Korban Tewas Akibat Gempa di Aceh Sudah Mencapai 92 Jiwa

Data Sementara Korban Gempa Aceh

Jumlah korban tewas akibat gempa di Aceh sudah mencapai 92 jiwa dan kemungkinan masih akan bertambah, seperti dijelaskan salah seorang anggota Tim Kantor Presiden untuk Gempa Aceh, “Ifdhal Kasim”.

Ifdhal yang akan segera meninjau langsung lokasi bencana Dia menambahkan bahwa gempa juga menghantam kawasan yang padat penduduknya dengan keterbatasan alat-alat berat untuk mencari korban yang mungkin tertimpa puing-puing.

Kemungkinan meningkatnya jumlah korban jiwa itu sebelumnya juga diungkapkan oleh juru bicara BNPB Sutop Purwo Nugroho.

“Korban dikhawatirkan bisa terus bergerak naik karena saat ini masih ada warga yang terjebak di bawah bangunan yang ambruk,” jelas Sutopo dalam jumpa pers di kantor BNPB, Rabu (7/12) siang.

Dari jumlah korban itu belum dipilah berapa korban anak-anak dewasa maupun orang tua, laki-laki dan perempuan.

Sementara korban luka berat tercatat sedikitnya 73 orang dan 200 orang menderita luka ringan.

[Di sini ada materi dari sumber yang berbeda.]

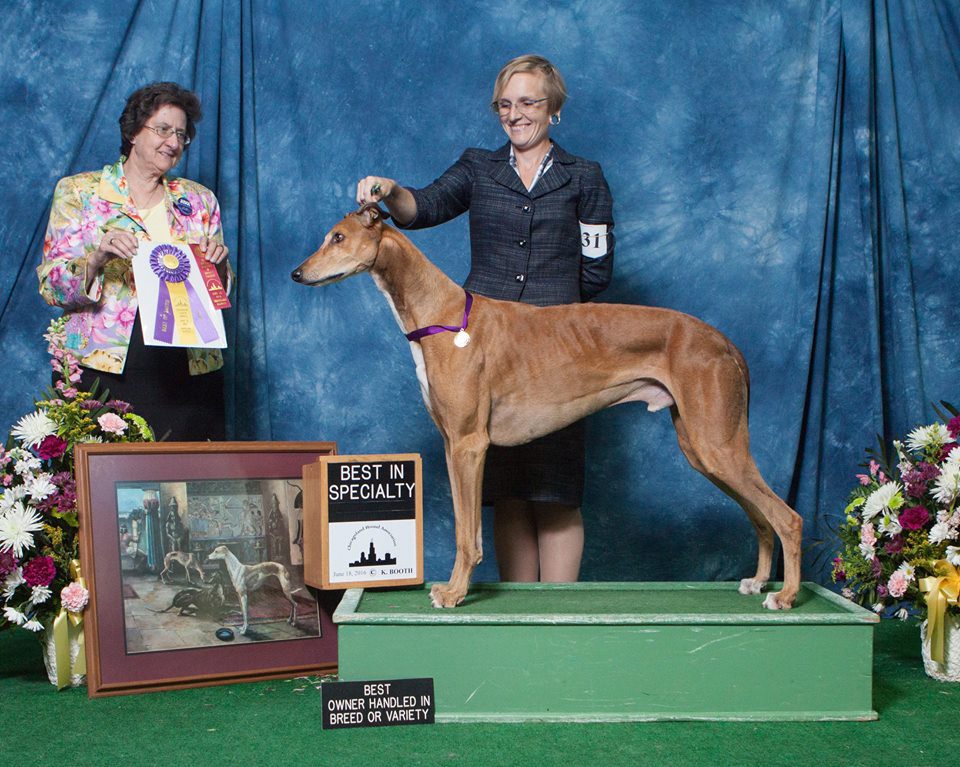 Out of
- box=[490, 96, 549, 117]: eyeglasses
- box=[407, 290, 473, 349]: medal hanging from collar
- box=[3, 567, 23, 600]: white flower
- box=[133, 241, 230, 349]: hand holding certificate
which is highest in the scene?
box=[490, 96, 549, 117]: eyeglasses

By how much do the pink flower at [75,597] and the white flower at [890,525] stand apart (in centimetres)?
267

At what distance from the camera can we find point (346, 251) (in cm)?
281

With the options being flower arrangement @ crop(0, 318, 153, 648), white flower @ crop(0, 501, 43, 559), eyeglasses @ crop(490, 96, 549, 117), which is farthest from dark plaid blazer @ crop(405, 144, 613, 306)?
white flower @ crop(0, 501, 43, 559)

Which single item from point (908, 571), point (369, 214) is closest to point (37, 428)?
point (369, 214)

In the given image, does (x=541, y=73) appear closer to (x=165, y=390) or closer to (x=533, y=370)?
(x=533, y=370)

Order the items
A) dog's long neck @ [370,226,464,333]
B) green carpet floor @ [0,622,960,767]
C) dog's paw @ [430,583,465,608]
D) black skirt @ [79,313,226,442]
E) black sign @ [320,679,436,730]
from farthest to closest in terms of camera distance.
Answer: black skirt @ [79,313,226,442], dog's long neck @ [370,226,464,333], dog's paw @ [430,583,465,608], black sign @ [320,679,436,730], green carpet floor @ [0,622,960,767]

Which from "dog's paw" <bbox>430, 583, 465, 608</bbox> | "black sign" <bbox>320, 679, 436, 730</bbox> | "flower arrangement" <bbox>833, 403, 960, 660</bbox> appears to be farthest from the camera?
"flower arrangement" <bbox>833, 403, 960, 660</bbox>

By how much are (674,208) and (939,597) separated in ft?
6.89

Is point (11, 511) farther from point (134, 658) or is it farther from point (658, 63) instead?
point (658, 63)

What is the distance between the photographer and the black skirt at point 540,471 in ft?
10.8

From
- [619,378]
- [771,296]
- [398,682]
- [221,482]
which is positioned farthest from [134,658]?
[771,296]

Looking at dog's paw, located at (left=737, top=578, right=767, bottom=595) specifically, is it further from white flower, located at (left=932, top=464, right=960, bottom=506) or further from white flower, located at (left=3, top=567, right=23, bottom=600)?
white flower, located at (left=3, top=567, right=23, bottom=600)

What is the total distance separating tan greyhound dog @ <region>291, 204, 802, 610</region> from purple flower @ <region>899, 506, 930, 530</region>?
1.79 ft

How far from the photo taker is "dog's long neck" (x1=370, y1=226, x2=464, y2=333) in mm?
2883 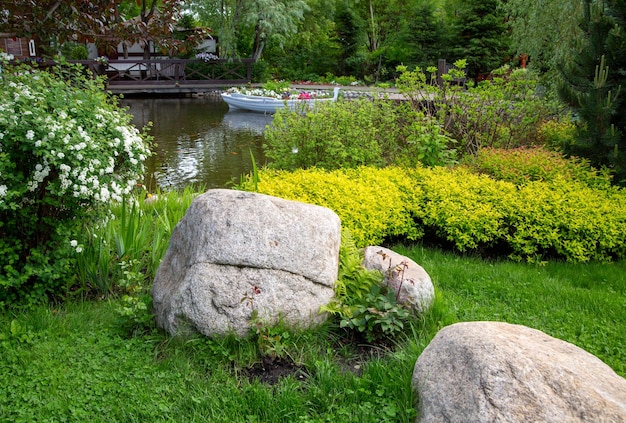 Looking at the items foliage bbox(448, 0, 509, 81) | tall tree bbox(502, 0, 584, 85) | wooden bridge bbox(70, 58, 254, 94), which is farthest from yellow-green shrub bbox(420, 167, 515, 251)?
wooden bridge bbox(70, 58, 254, 94)

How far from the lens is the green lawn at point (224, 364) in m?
2.94

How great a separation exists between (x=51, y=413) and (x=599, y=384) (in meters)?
2.78

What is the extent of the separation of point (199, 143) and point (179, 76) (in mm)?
16123

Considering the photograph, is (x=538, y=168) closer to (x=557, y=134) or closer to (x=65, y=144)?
(x=557, y=134)

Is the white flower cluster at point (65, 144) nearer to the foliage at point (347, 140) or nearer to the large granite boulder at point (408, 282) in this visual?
the large granite boulder at point (408, 282)

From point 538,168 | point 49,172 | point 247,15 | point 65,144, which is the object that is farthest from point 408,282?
point 247,15

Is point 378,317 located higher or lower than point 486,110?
lower

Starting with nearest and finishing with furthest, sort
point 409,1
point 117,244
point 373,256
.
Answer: point 373,256 < point 117,244 < point 409,1

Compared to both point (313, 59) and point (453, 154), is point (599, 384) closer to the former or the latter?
point (453, 154)

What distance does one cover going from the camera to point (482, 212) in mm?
5297

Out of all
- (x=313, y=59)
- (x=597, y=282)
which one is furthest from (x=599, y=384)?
(x=313, y=59)

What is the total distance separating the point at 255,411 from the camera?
296 centimetres

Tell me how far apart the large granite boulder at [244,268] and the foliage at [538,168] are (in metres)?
3.17

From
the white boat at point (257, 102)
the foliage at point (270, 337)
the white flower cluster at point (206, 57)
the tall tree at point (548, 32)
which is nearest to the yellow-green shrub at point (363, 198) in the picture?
the foliage at point (270, 337)
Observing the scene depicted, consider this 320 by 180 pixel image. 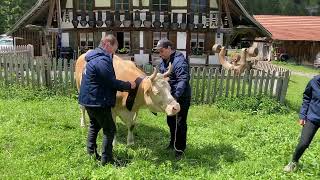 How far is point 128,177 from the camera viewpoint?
546 centimetres

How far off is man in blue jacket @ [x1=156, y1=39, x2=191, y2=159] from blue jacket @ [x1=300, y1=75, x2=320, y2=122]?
73.4 inches

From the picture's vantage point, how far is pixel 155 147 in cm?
710

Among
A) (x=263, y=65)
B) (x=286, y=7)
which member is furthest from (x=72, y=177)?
(x=286, y=7)

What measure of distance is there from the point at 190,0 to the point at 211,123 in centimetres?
1362

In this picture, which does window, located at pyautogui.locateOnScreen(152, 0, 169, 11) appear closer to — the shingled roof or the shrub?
the shrub

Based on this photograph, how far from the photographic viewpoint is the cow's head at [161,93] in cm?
590

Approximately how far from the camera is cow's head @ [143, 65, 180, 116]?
590 centimetres

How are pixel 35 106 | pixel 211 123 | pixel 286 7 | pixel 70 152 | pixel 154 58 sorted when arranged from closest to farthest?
1. pixel 70 152
2. pixel 211 123
3. pixel 35 106
4. pixel 154 58
5. pixel 286 7

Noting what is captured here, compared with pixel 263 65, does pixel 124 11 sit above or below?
above

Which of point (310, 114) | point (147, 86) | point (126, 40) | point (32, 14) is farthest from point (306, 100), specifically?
point (32, 14)

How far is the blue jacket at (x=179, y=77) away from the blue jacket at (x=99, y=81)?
97 centimetres

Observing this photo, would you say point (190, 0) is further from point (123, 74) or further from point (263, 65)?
point (123, 74)

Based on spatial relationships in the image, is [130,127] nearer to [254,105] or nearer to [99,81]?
[99,81]

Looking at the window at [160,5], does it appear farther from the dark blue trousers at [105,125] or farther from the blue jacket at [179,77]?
the dark blue trousers at [105,125] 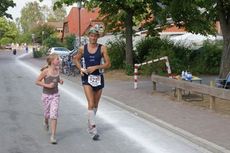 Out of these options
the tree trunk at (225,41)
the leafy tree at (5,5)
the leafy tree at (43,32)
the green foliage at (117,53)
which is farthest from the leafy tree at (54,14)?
the tree trunk at (225,41)

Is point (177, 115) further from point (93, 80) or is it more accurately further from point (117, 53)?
point (117, 53)

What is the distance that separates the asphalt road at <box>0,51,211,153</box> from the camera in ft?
29.9

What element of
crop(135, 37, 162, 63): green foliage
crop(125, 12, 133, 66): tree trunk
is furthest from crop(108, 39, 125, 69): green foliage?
crop(125, 12, 133, 66): tree trunk

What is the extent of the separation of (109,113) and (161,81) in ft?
13.6

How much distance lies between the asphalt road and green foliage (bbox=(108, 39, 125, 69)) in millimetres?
16139

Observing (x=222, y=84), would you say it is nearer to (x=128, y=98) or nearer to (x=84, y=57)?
(x=128, y=98)

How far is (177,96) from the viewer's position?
Result: 16469 millimetres

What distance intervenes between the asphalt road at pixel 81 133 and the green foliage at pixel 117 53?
52.9 ft

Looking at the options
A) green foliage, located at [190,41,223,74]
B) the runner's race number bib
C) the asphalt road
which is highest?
the runner's race number bib

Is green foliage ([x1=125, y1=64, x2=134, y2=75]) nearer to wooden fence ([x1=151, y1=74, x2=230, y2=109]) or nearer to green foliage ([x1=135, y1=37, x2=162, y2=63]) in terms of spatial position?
green foliage ([x1=135, y1=37, x2=162, y2=63])

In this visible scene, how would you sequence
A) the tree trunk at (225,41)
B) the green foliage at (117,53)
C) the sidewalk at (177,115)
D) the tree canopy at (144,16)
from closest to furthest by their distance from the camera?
the sidewalk at (177,115) → the tree trunk at (225,41) → the tree canopy at (144,16) → the green foliage at (117,53)

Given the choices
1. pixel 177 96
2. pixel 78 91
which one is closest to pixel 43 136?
pixel 177 96

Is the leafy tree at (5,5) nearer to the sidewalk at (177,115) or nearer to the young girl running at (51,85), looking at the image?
the sidewalk at (177,115)

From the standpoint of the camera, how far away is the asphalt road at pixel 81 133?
9.11 metres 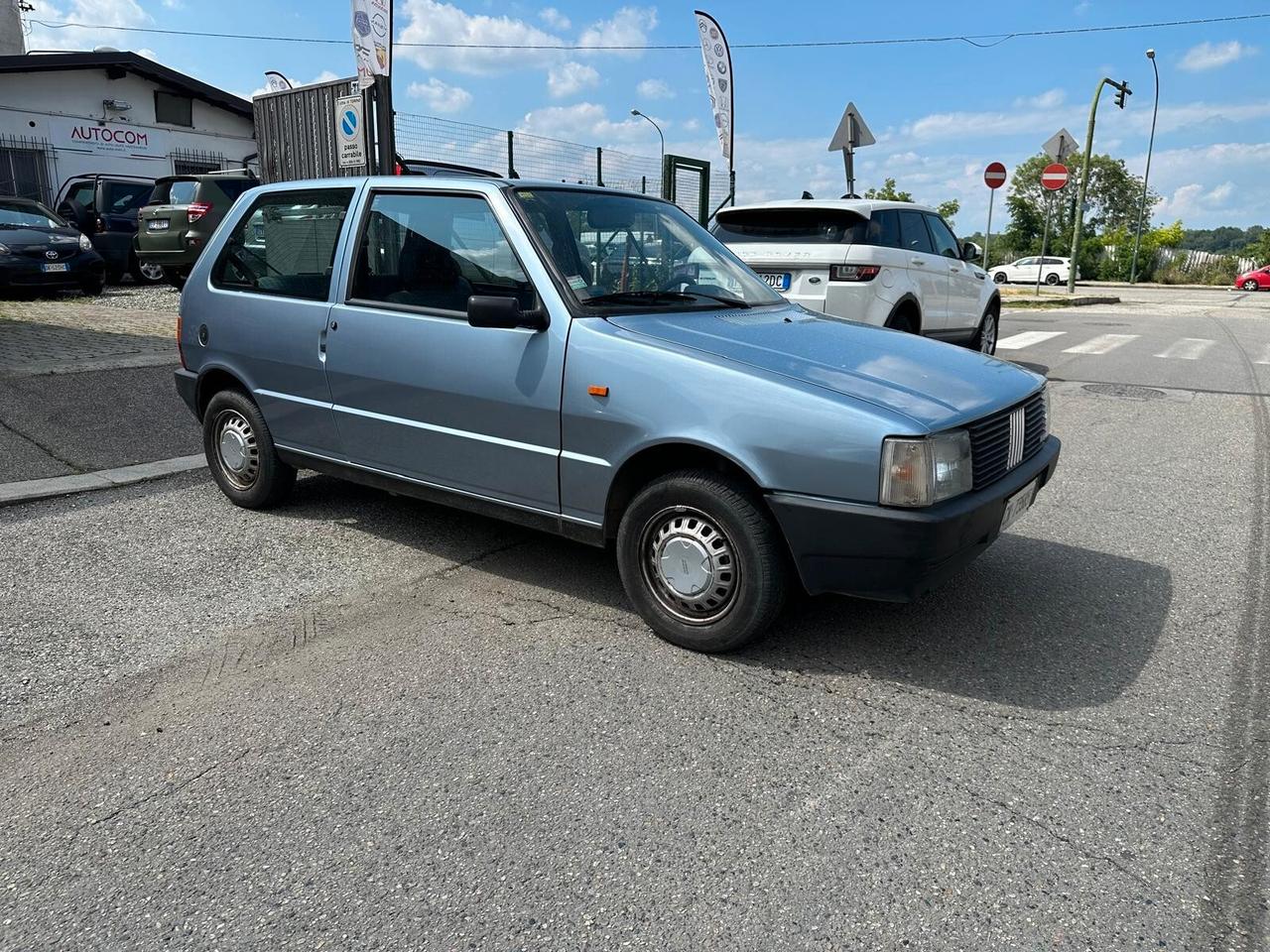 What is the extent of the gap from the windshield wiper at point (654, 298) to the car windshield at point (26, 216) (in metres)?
12.6

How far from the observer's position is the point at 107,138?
2233 centimetres

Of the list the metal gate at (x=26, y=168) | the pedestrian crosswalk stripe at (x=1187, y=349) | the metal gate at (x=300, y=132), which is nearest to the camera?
the metal gate at (x=300, y=132)

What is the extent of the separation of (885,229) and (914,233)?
0.71m

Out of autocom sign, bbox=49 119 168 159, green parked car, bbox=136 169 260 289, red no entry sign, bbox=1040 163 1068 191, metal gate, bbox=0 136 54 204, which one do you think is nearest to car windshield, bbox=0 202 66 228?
green parked car, bbox=136 169 260 289

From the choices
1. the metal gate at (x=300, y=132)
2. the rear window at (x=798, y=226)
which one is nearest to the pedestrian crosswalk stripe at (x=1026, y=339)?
the rear window at (x=798, y=226)

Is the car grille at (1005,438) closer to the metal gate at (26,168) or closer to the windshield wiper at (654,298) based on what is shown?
the windshield wiper at (654,298)

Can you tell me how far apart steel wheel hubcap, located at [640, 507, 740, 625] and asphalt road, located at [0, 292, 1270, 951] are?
0.20 meters

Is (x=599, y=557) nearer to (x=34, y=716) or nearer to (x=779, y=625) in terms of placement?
(x=779, y=625)

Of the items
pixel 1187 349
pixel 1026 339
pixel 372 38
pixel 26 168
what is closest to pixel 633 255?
pixel 372 38

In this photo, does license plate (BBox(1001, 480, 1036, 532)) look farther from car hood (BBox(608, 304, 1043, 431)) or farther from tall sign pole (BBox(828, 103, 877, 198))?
tall sign pole (BBox(828, 103, 877, 198))

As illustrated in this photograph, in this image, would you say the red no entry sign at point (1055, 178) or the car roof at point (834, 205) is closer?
the car roof at point (834, 205)

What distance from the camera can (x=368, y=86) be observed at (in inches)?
376

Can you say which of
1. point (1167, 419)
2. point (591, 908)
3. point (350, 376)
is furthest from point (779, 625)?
point (1167, 419)

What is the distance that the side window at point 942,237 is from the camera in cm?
973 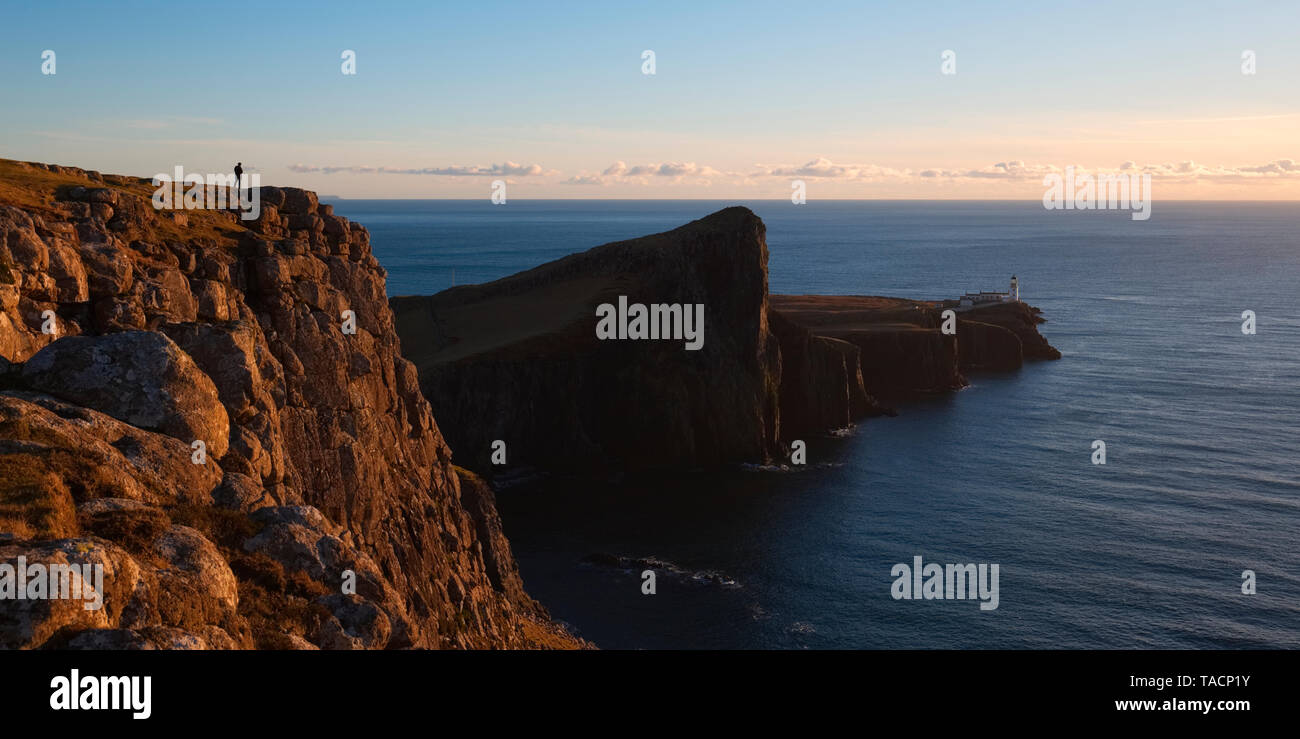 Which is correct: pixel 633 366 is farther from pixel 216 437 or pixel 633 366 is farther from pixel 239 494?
pixel 239 494

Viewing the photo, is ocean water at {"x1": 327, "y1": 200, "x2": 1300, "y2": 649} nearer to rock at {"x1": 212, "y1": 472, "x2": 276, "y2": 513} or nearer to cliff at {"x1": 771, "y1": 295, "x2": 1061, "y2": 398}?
cliff at {"x1": 771, "y1": 295, "x2": 1061, "y2": 398}

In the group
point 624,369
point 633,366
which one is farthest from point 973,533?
point 624,369

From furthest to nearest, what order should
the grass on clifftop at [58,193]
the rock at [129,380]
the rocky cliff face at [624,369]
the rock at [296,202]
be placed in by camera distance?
the rocky cliff face at [624,369], the rock at [296,202], the grass on clifftop at [58,193], the rock at [129,380]

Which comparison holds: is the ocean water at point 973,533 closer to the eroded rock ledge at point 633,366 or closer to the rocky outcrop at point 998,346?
the eroded rock ledge at point 633,366

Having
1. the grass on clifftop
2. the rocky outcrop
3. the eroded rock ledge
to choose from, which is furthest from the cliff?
the grass on clifftop

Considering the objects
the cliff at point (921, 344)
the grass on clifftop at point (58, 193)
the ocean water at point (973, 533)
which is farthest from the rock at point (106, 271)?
the cliff at point (921, 344)
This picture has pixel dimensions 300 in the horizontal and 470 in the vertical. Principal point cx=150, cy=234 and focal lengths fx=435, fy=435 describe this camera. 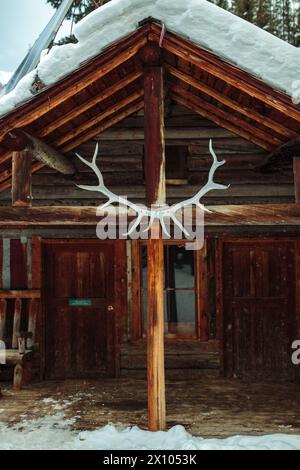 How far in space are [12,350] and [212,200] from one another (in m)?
4.03

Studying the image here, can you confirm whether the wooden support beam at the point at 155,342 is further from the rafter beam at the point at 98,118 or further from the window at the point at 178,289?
the window at the point at 178,289

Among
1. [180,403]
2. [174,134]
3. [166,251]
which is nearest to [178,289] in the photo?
[166,251]

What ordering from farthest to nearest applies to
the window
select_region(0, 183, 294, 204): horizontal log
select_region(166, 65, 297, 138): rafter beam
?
the window → select_region(0, 183, 294, 204): horizontal log → select_region(166, 65, 297, 138): rafter beam

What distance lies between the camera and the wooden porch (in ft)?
17.3

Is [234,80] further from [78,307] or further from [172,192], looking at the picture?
[78,307]

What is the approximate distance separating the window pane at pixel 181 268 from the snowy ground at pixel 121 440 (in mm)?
2989

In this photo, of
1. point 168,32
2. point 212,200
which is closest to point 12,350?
point 212,200

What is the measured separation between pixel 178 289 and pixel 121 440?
3.21 m

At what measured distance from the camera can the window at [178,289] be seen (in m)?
7.57

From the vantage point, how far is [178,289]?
7.55 meters

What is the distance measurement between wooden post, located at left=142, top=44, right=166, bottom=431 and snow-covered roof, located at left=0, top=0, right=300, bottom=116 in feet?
1.23

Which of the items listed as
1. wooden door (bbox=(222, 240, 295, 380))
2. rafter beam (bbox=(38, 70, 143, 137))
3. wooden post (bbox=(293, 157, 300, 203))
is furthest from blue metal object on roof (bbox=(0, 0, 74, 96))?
wooden post (bbox=(293, 157, 300, 203))

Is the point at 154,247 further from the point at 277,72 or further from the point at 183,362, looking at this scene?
the point at 183,362

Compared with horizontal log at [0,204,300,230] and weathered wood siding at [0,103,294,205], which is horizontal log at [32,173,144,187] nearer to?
weathered wood siding at [0,103,294,205] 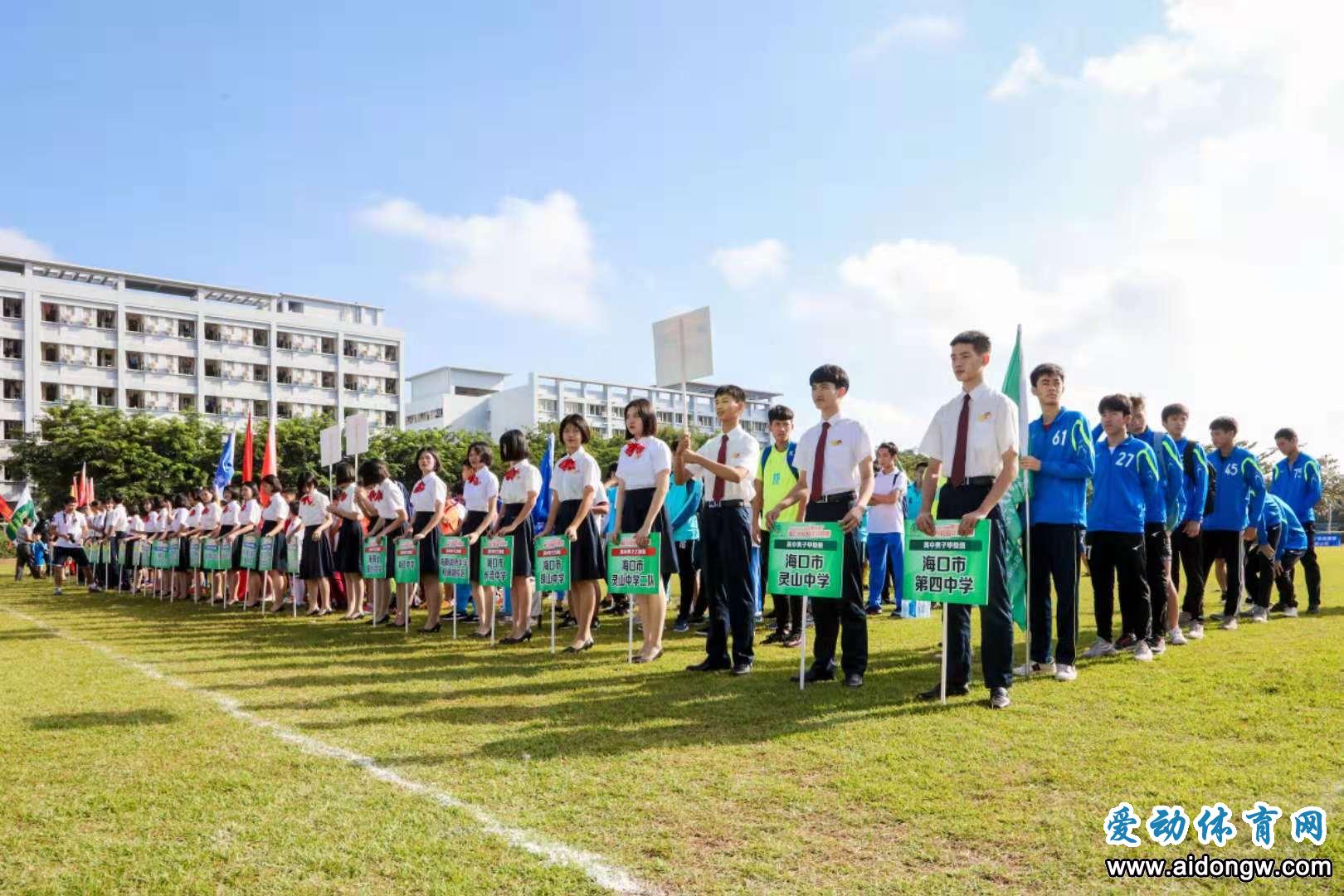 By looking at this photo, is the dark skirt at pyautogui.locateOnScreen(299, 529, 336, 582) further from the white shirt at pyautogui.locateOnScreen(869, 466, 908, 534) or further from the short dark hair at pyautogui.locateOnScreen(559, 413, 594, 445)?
the white shirt at pyautogui.locateOnScreen(869, 466, 908, 534)

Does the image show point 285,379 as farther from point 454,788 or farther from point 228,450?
point 454,788

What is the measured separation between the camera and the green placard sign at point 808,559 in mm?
7062

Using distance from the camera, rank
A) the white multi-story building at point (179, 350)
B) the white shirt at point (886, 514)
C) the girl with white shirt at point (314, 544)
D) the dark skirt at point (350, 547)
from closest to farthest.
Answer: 1. the white shirt at point (886, 514)
2. the dark skirt at point (350, 547)
3. the girl with white shirt at point (314, 544)
4. the white multi-story building at point (179, 350)

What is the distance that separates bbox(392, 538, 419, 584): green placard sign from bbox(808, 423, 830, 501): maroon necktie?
19.0 ft

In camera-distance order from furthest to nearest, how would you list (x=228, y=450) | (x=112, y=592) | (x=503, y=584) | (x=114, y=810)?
(x=228, y=450) → (x=112, y=592) → (x=503, y=584) → (x=114, y=810)

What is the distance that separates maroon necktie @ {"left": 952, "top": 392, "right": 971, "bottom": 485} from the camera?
6748mm

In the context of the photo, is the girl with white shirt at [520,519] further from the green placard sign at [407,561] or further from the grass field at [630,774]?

Sutopo mengatakan sekarang ini fokus utama operasi pencarian dan penyelamatan korban jiwa.



Dia mengatakan belum dapat memperkirakan jumlah korban yang masih tertimbun reruntuhan bangunan.

Pencarian Korban Gempa di Aceh Pidie Jaya

Disebutkannya, cukup banyak warga yang menolak masuk penampungan sementara, dan lebih suka kembali ke rumah mereka.

“Sebetulnya bagi yang rumahnya rusak disediakan lokasi pengungsian. Namun masyarakat seringkali tidak mau ke pengungsian dan mendirikan tenda di depan rumah mereka,” jelas dia.

Banyaknya kerusakan rumah penduduk itu, katanya karena banyaknya bangunan yang tidak dibangun untuk tahan gempa.

Sutopo mengatakan daerah Pidie Jaya merupakan daerah yang rawan terhadap gempa dan berada di jalur gempa zona sesar samalanga sipopo yang berada di darat. Daerah tersebut pernah terjadi gempa.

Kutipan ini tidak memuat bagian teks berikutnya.